Life of Brian: De Palma directs John Travolta on the set of Blow-Out

 

This is very much a film for movie buffs although you could say that, strictly speaking, it is not a movie at all and theoretically it would not win the approval of film director Brian De Palma who, discussing cinema, once declared that he was not interested in a lot of talk. The fact is that this piece by Noah Baumbach and Jake Paltrow is akin to allowing us to see and hear a filmmaker giving an illustrated lecture on his work. For what we have here is quite different from the usual documentary about a film director which can be expected to incorporate interviews with colleagues and admirers and to cover to some extent the life as well as the work of the artist featured (as exemplified recently in Louise Osmond's admirable Versus: The Life and Films of Ken Loach).

 

Instead De Palma offers only the man himself talking to camera, his comments illustrated by brief stills or clips from films. The latter include not only those that he has made but also works that have influenced him from Vertigo to films of the Nouvelle Vague. In addition, he has fun showing us glimpses of subsequent disastrous films derived from his own 1976 hit Carrie. At the outset the film seems rather bitty - we sense that De Palma's initial observations are replies to specific questions which we do not hear.

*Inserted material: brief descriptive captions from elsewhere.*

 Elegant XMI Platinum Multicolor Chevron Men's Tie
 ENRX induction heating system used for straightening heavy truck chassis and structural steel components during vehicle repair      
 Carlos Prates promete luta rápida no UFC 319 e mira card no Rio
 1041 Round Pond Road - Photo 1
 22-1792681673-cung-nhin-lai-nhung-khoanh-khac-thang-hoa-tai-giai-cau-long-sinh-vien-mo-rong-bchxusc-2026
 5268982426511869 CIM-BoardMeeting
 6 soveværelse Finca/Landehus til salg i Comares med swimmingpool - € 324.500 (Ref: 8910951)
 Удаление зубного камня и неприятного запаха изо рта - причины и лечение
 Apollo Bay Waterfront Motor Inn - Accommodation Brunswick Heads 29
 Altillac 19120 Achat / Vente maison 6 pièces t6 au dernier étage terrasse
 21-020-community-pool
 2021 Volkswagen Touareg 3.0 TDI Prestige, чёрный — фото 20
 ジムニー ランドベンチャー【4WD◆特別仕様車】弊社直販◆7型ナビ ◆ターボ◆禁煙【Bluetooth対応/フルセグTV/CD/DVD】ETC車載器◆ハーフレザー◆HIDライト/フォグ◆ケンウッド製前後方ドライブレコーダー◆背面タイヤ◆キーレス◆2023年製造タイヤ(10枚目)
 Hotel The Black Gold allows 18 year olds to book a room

But it soon settles down and shows De Palma's skills as a raconteur and his willingness to discuss his failures as well as his successes. Indeed, as he outlines his career in chronological order the life of a filmmaker in Hollywood, always dependent on his last film having done well at the box-office and sometimes reduced to taking on work out of a desperate desire to keep his hand in, emerges vividly. This is in contrast to the much briefer references to his personal life (three wives come and go with a minimum of comment).

 

Two things in particular come across strikingly. First, there's his behind the scenes chat, as when he talks of Sean Connery being keen to leave James Bond behind but nevertheless feeling uneasy over being killed in The Untouchables or when he revels in Sean Penn needling Michael J Fox during the making of one of De Palma's best films, Casualties of War. Secondly, although he expresses admiration for composers such as Herrmann and Morricone and for the contributions of production designers, he himself emerges as somebody primarily interested in what is visually possible in cinema, be it the use of split screens or the extra emotion that can be communicated by the camera moving through a long and elaborate take.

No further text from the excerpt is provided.